The stunned parasitologists couldn't believe he wouldn't want someone with a fancy education to run the country. And then, Miles said, "It got hysterical," which is what he expected.
"At least I got to make a few points first," he said
Meanwhile, David Landry, a carpenter whose politics lean left, told me about this time he was picking up supplies when the guy at the counter noticed his Obama button.
"OBAMA! Man, if I had a gallon of gas, I'd throw it on you and light you on fire," he said.
Landry's known the guy for 25 years. He still likes him, even if he wasn't totally sure he was joking.
"I need to ask him about that," he said.
It's not just strangers, either. Partisan politics have wormed into our relationships.

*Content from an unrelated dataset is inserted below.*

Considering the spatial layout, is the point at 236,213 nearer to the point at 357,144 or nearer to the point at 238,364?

Anthony Rivas wrote me that he's getting jealous of Obama, who has become an obsession for his fiance. The other night she was falling asleep as he was telling her about his day. Just to see if she was listening, he mentioned a new John McCain attack ad. Her eyes popped open and she "started going off on Obama this and McCain that." Finally, he asked why she didn't get excited about him the way she got excited about Obama. She started apologizing, and he, being super mature, said, "Go find Obama. Maybe you can sleep next to him and see how his day went."
Anyway, they worked it out, but you see what I mean.
I come from people who'll talk politics with anybody. It's a subtle technique, honed over generations, exercised in waiting rooms and parking lots and in airplane seats. It begins with pretending not to have an opinion and then veers into a few probing, common-sense questions, like "Don't you think we should all be able to afford health insurance?" It ends with a hard-sell and possibly instructions on how to register to vote.
That's never been my thing. During the George H.W. Bush years, I used to lie under the table after Sunday dinner while my uncle (a British petroleum engineer) and my grandmother (Italian and actual avowed socialist) yelled at each other about oil policy. To this day, political arguments make me queasy. I'd much rather watch than participate.
Is there a way to avoid the Palin conversation? Do you try not to make eye contact in the coffee line? Say you're a tourist when parasitologists approach at a bar?
My friend Adolf, whose mother worked at Nordstrom for 20 years, seemed like a good person to consult. Raised in an atmosphere of customer service, he's the king of diplomacy. Appropriately, he's also a lawyer.
What does he say when people ask The Question?
"I tell them it's going to be a very interesting election," he said.